Hi,
As always, as part of my first post I thank the developers for this amazing library that helps a lot of us in our deep learning escapades. I’ve finished running through the first tutorial involving the CIFAR10 dataset and have some questions.
Code
In this code block,
# forward + backward + optimize outputs = net(inputs) loss = criterion(outputs, labels) loss.backward() optimizer.step()
Could some explain in detail on what is going on here. These might be more of python related questions than a pytorch question but I think its crucial to understand what is happening here. I understand whats happening in an abstract level but not on the code level. In particular,
-
net is an object, so what is net(inputs) calling? Because its not a constructor, so I’m not sure whats happening here. Also this returns the output but where is this function (if it is a function at all) defined to return the output and what does it do?
-
Where do we call the forward function for the that was defined as part of the model class? I’m guessing this has something to do with the previous question.
-
Similar to the first point criterion(outputs, labels), where is this function defined? I checked the docs for crossentropyloss() and its a class that only takes weights and size_average in the constructor.

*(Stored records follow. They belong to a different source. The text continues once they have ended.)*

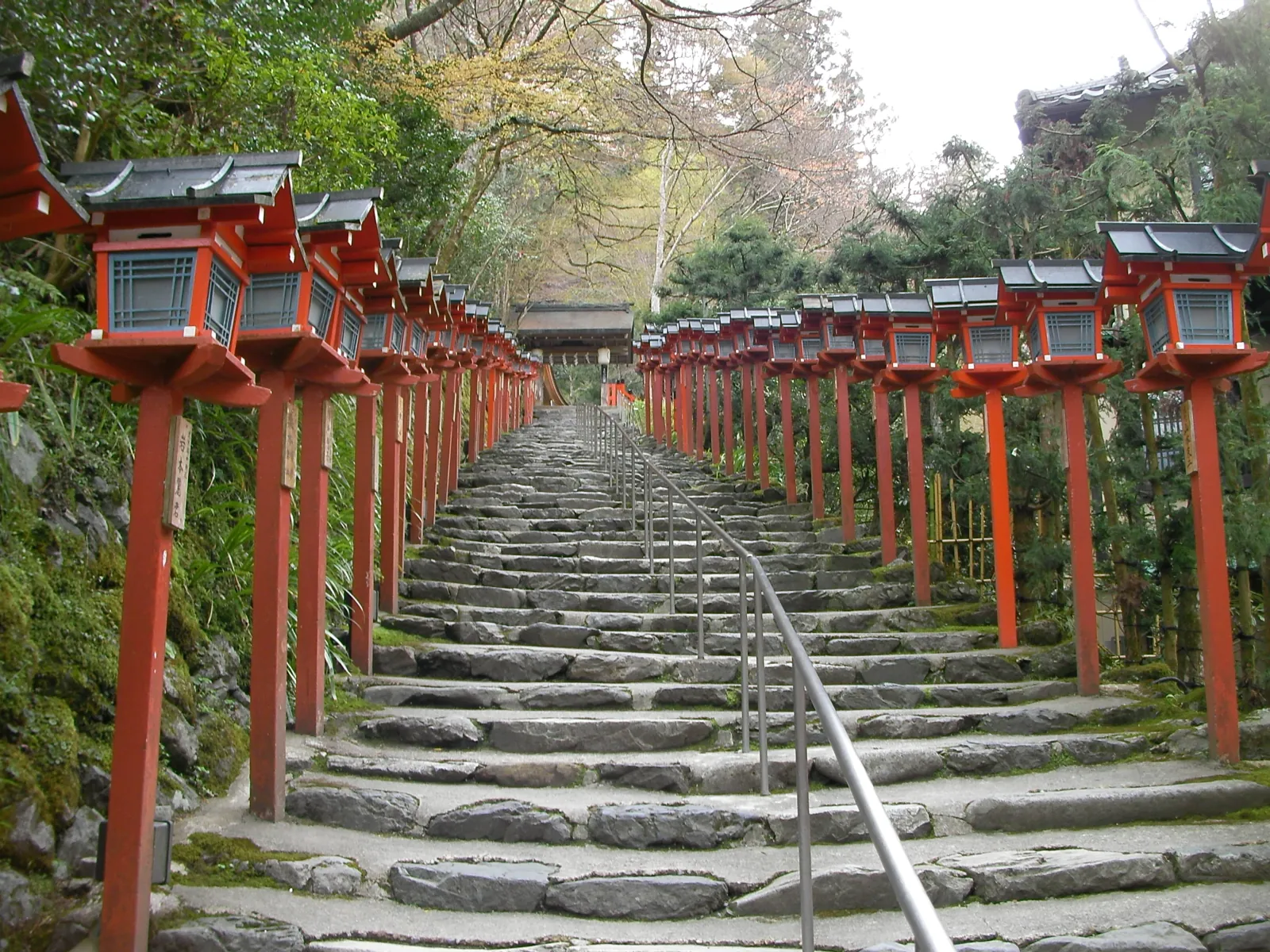 Red lanterns along a stone stair in the hills
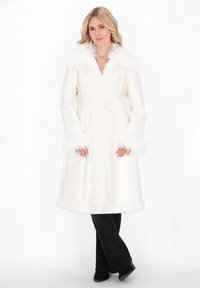 White coat with a fur collar and cuffs, featuring a wide design and textured trim. Worn over black pants and black boots.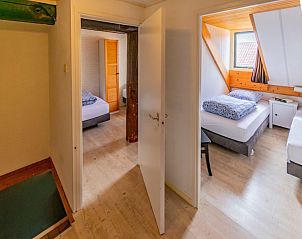Twee slaapkamers in Haas 2 appartement, Hoorn, Terschelling met comfortabele bedden en houten details.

In the prediction code block,
outputs = net(Variable(images)) _, predicted = torch.max(outputs.data, 1) total += labels.size(0) correct += (predicted == labels).sum()

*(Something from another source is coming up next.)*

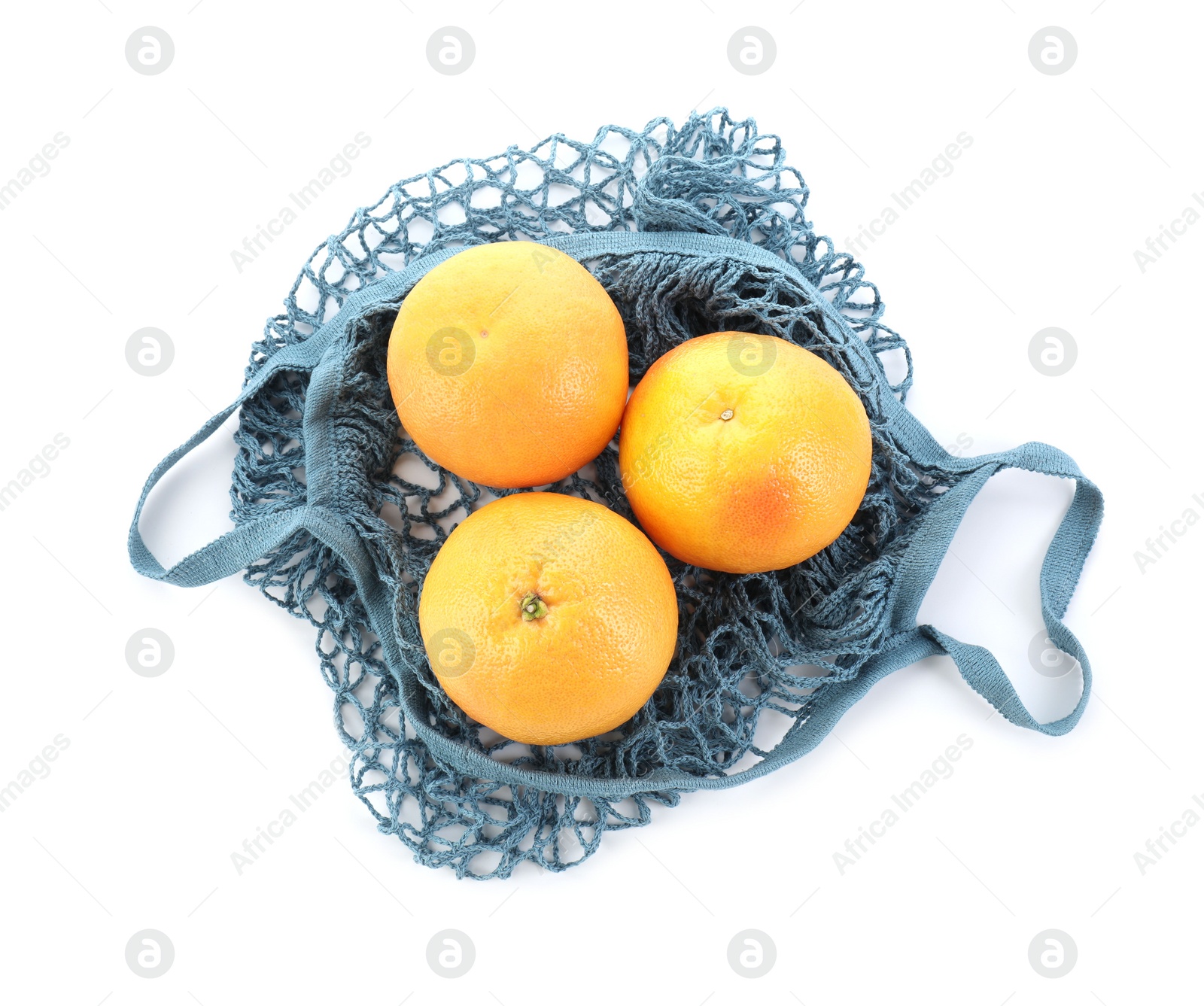 Photo of String bag with oranges isolated on white, top view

This code (net(images)) is similar to the training stage, so I’m not sure how we are “testing” because we don’t have testing mode. For example, in Keras for training we use model.fit and testing we use model.evaluate, and I’m not seeing a similar distinction here.
EDIT-1: I got the answers to the above questions from the Learning PyTorch with Examples. It all happens through the _call_ function in python.
Others
-
Can I get a small dataset from the dataloader for overfitting before I get the whole thing? I’m guessing I could just run the for loop till train_loader[:small_number], any thoughts?
-
The dataloader only provides train and test, how would I get a validation set out of this?
-
We print out loss.data[0], does it contain the loss for the entire mini-batch? Could I get some pointers on how to keep track of the loss history for entire epochs (for plotting purposes)?
-
If I want to use GPU, do I have to call the .cuda() function in every place where I have Variables and instantiation of my models? Or is there some global param I can set that automatically makes all the Variables and instantiated net into cuda compatible objects?
-
Why is torch.save(model.state_dict) recommended over torch.save(model) since the latter can be used to save the entire model including architecture and params?
-
The normalize method in transform takes a list of 2 tuples representing the desired mean and stddev for each of the color channels. Is that calculated within that particular set? How would I normalize the test set with the training set mean and stddev?
-
Can I add to the post category list or is it strictly confined to the 4 that is defined?
I apologize for a whole lot of questions, most of them born out of ignorance and I’m sure I’ll have more as I start using pytorch for my problems. If I need to split them up into separate posts, please let me know and I’ll edit the post accordingly.
Thanks and I appreciate everyone’s help!